● EXERCISE DETAILS:
What you write must match, character for character, the lines from the one with "Peruvian botanists are significantly rarer" down to the one with "Poney_2_CSO_17h38_155.jpg" in the listing below, minus its pictures.

● DATA PROVIDED:
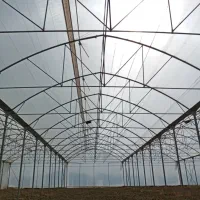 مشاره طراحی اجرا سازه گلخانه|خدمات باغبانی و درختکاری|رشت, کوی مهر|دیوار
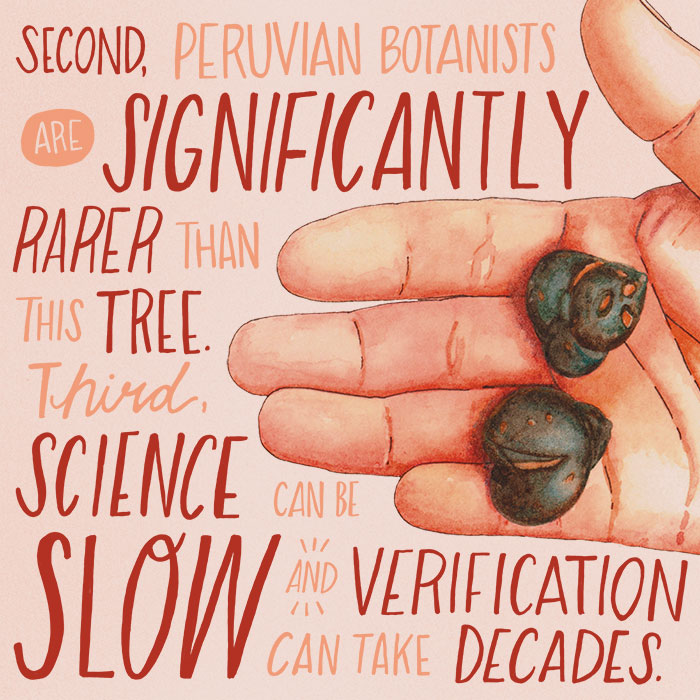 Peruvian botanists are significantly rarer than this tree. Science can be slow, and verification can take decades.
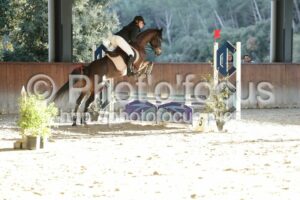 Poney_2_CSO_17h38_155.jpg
* * *
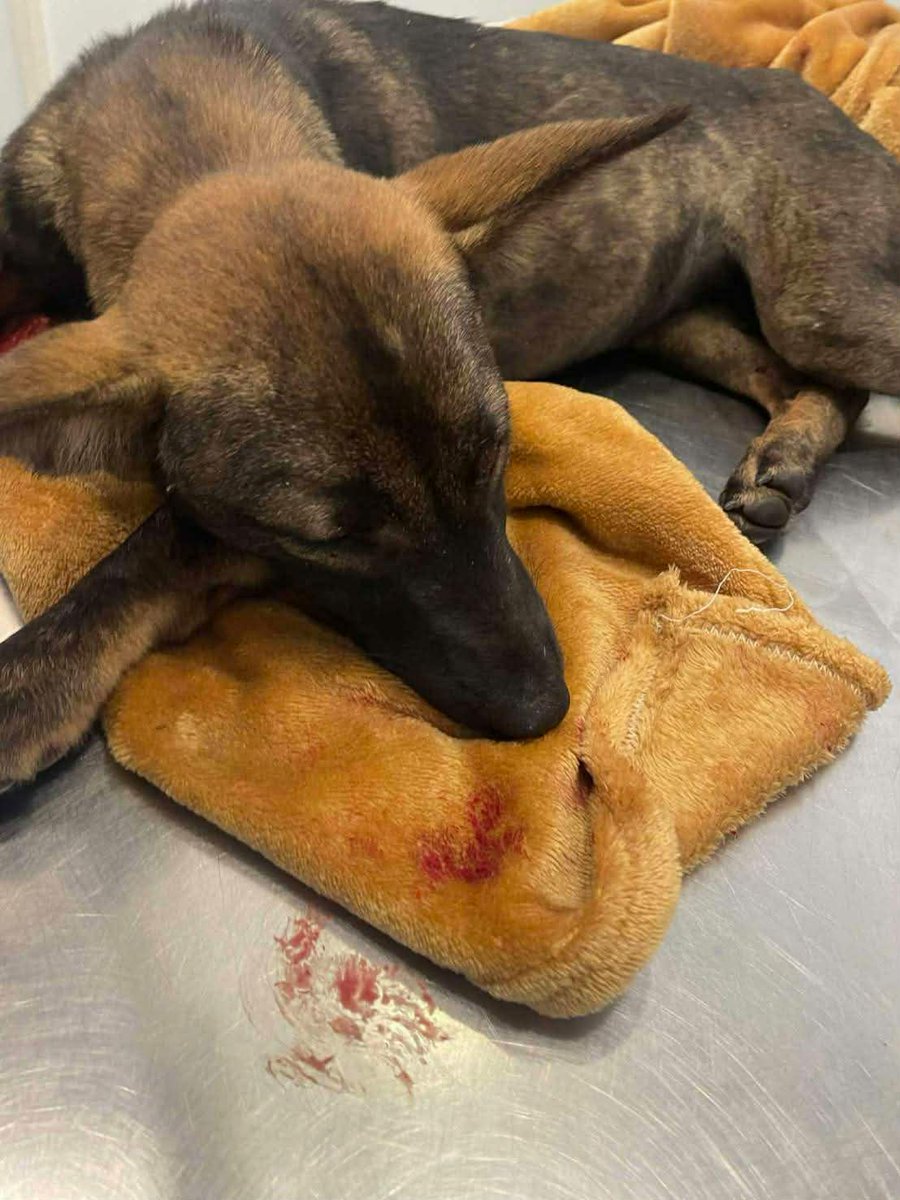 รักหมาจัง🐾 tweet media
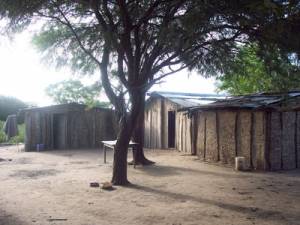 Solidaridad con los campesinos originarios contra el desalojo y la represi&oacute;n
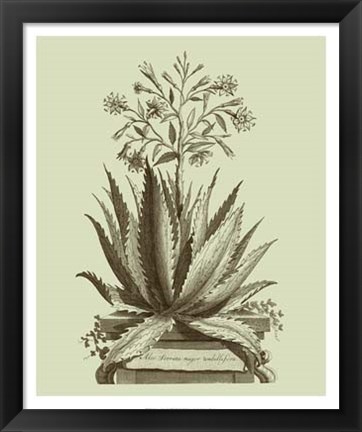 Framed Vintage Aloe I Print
---
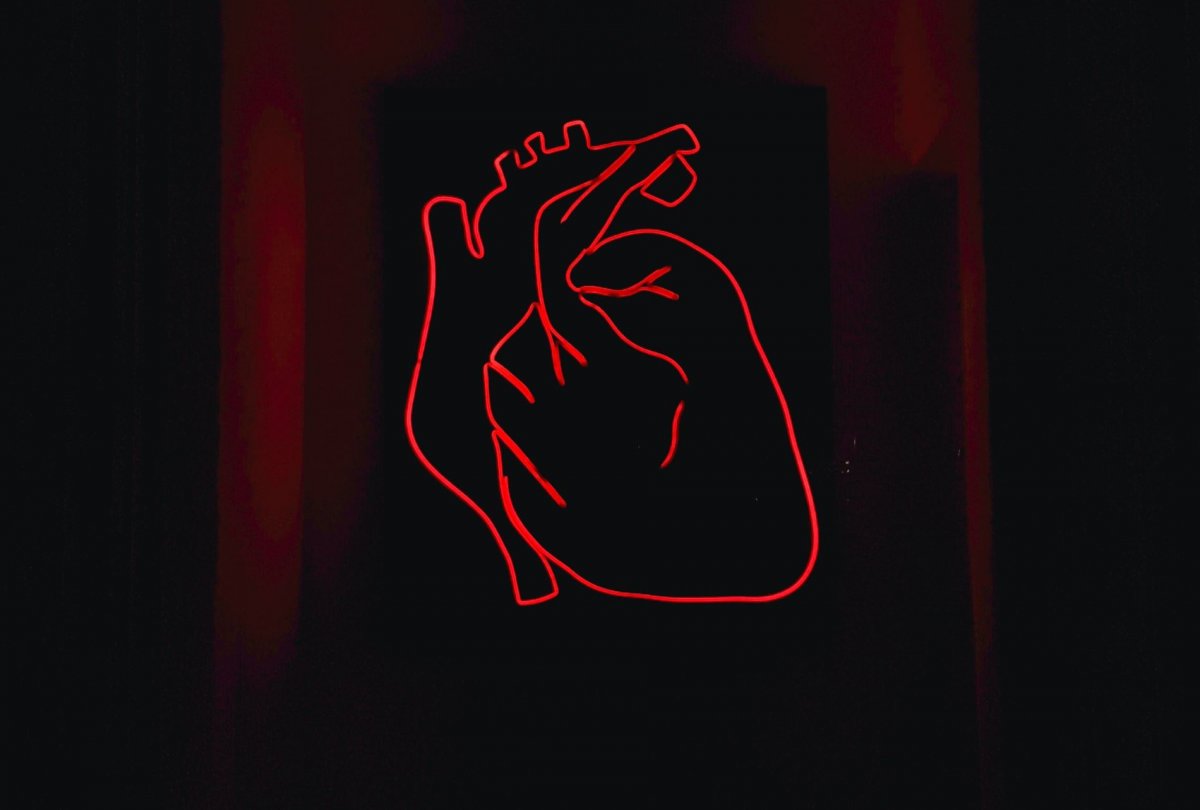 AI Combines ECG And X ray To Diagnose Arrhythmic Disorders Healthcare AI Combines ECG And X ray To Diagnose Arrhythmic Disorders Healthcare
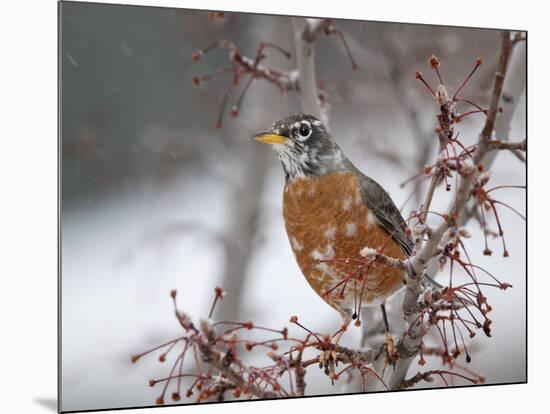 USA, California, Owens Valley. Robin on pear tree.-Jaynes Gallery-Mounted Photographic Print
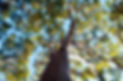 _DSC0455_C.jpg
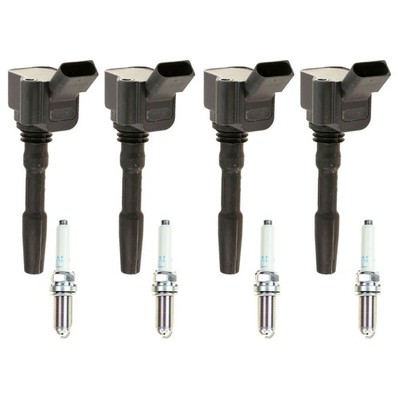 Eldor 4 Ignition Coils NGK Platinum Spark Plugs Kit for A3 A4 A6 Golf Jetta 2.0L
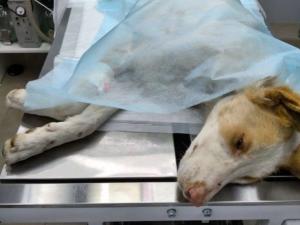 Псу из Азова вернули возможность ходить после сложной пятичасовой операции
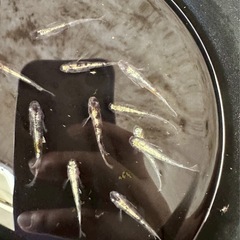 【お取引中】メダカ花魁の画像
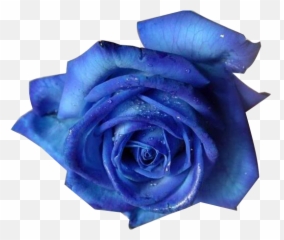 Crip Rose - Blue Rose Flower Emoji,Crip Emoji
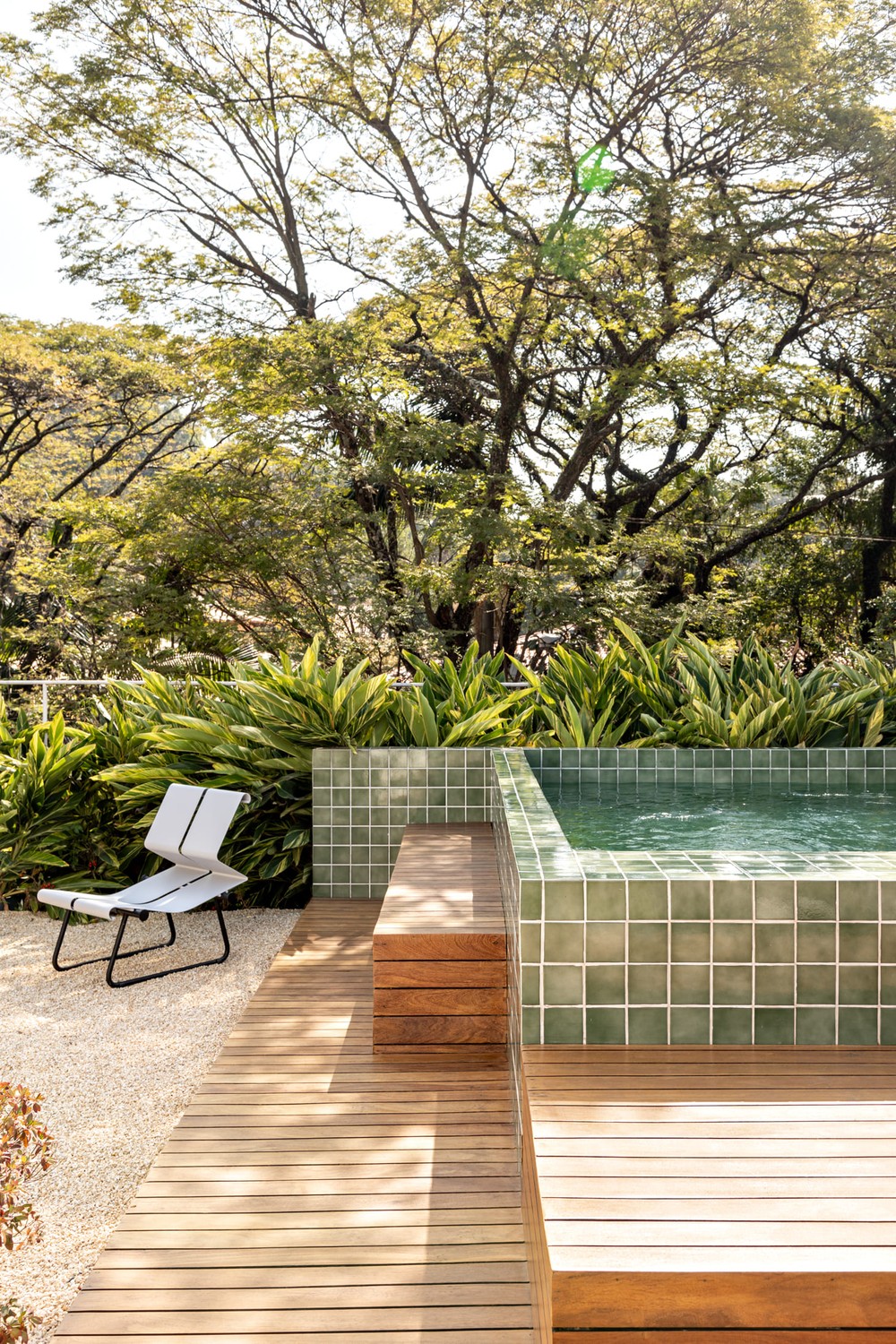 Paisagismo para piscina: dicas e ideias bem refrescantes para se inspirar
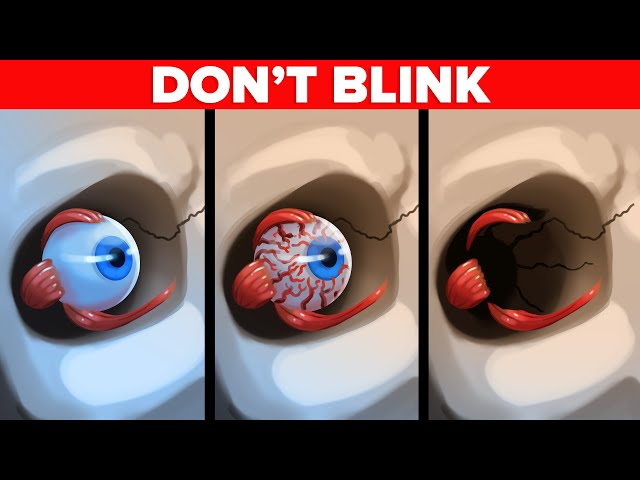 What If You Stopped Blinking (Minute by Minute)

● ANSWER SECTION:
 Peruvian botanists are significantly rarer than this tree. Science can be slow, and verification can take decades.
 Poney_2_CSO_17h38_155.jpg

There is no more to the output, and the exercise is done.